• **EXERCISE GOAL**:
Could you please output all of the data exactly, without the images?

[GIVEN DATA]

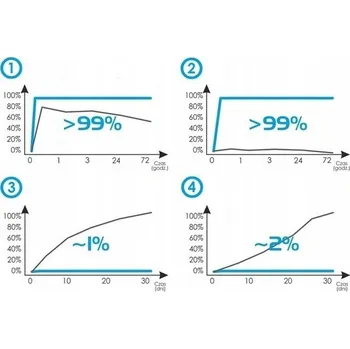 Kabinový filtr Master-Sport Germany 2939-IFB-PCS-MS Filtr, větrání prostoru pro cestující
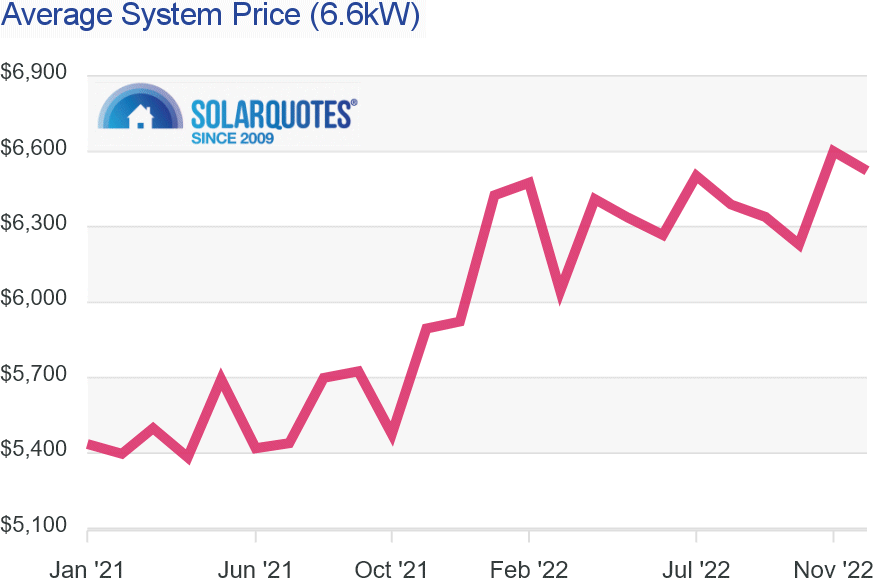 Graph: 6.6kW system cost: Australia December 2022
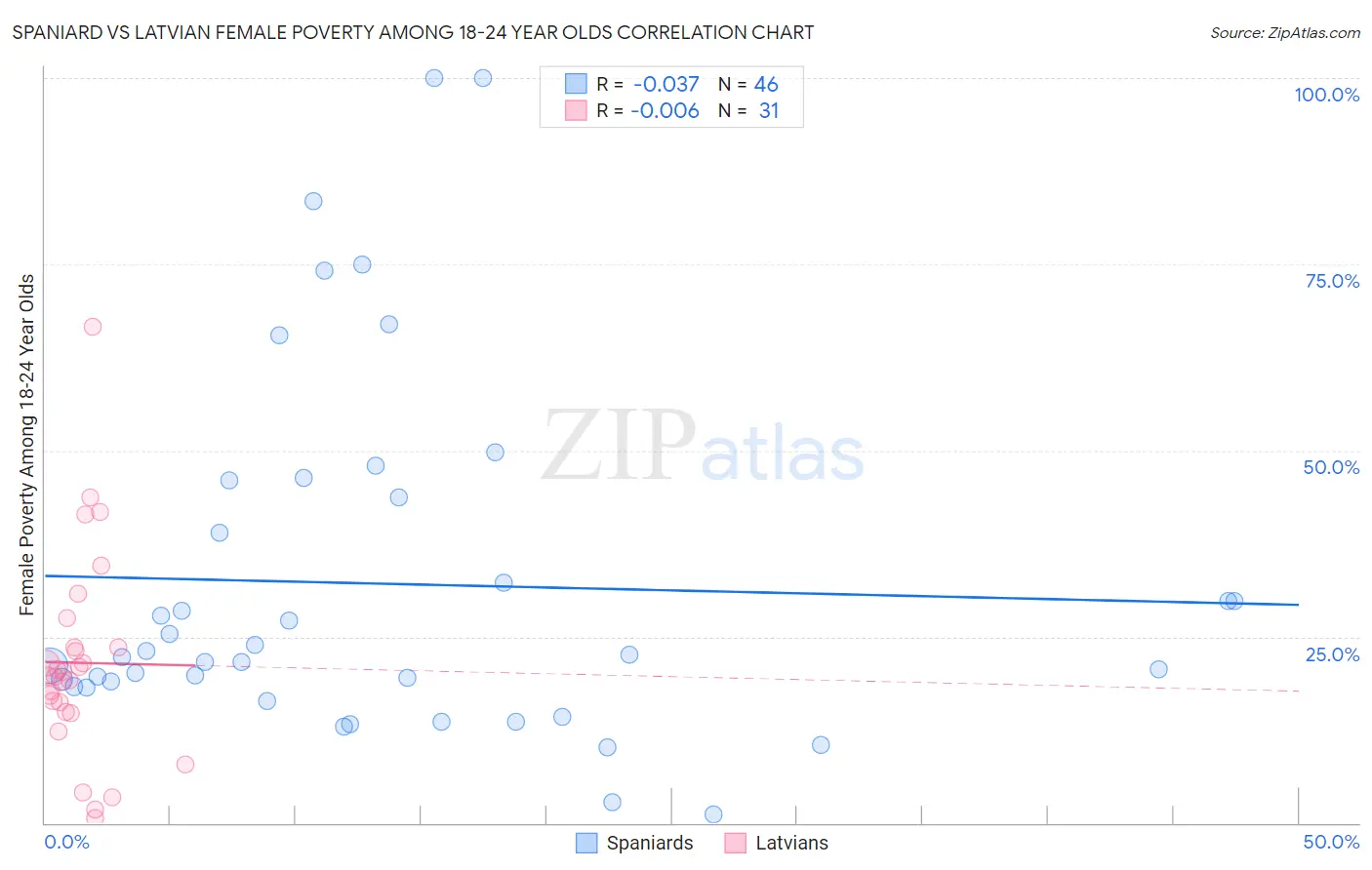 Spaniard vs Latvian Female Poverty Among 18-24 Year Olds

[/GIVEN DATA]

• **WORKED SOLUTION**:
 Kabinový filtr Master-Sport Germany 2939-IFB-PCS-MS Filtr, větrání prostoru pro cestující
 Graph: 6.6kW system cost: Australia December 2022
 Spaniard vs Latvian Female Poverty Among 18-24 Year Olds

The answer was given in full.